D-Day, 6 June 1944, the turning point of the Second World War, was a victory of arms. But it was also a triumph for a different kind of operation: one of deceit, aimed at convincing the Nazis that Calais and Norway, not Normandy, were the targets of the 150,000-strong invasion force.

The deception involved every branch of Allied wartime intelligence: the Bletchley Park code-breakers, MI5, MI6, SOE, Scientific Intelligence, the FBI and the French Resistance. But at its heart was the 'Double Cross System', a team of double agents controlled by the secret Twenty Committee, so named because twenty in Roman numerals forms a double cross.

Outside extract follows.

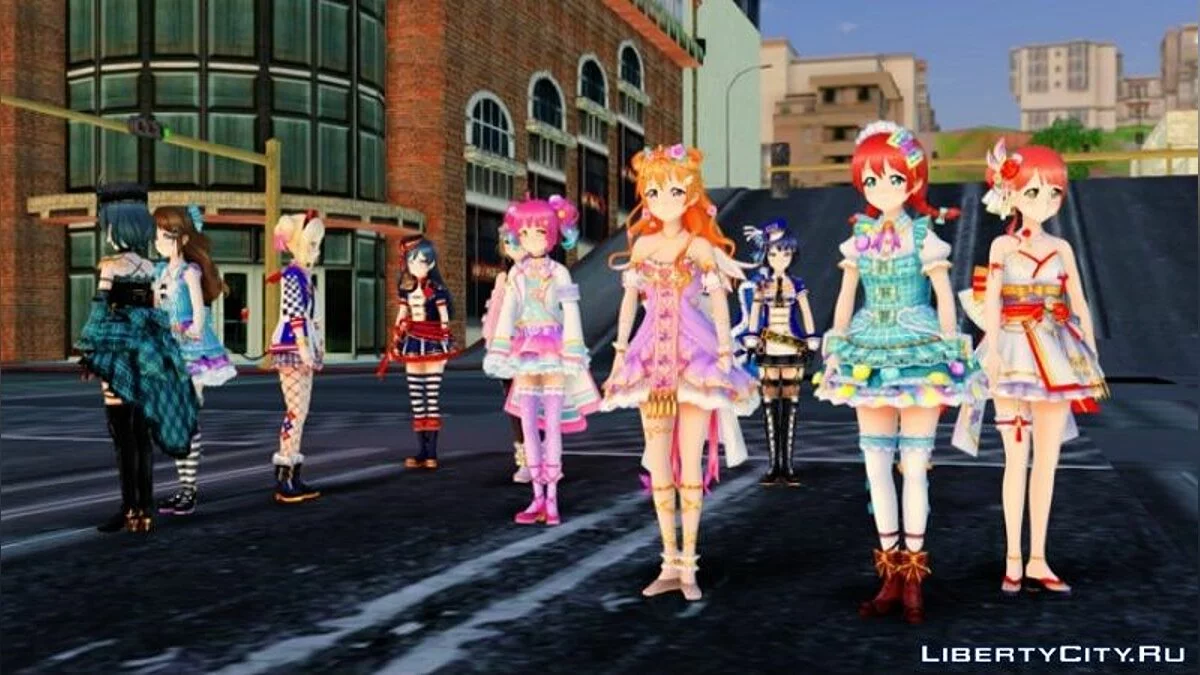 Love Live! Complete Festival URs - Skin Pack / GTA San Andreas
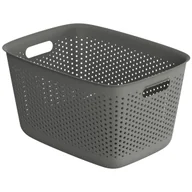 Pudła i pojemniki do przechowywania - Pojemnik Openstore 17 l 39 x 22 x 29 cm szary Spaceo - miniaturka - grafika 1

The key D-Day spies were just five in number, and one of the oddest military units ever assembled: a bisexual Peruvian playgirl, a tiny Polish fighter pilot, a Serbian seducer, a wildly imaginative Spaniard with a diploma in chicken farming, and a hysterical Frenchwoman whose obsessive love for her pet dog very nearly wrecked the entire deception. Their enterprise was saved from catastrophe by a shadowy sixth spy whose heroic sacrifice is here revealed for the first time. Under the direction of an eccentric but brilliant intelligence officer in tartan trousers, working from a smoky lair in St James's, these spies would weave a web of deception so intricate that it ensnared Hitler's army and helped to carry thousands of troops across the Channel in safety.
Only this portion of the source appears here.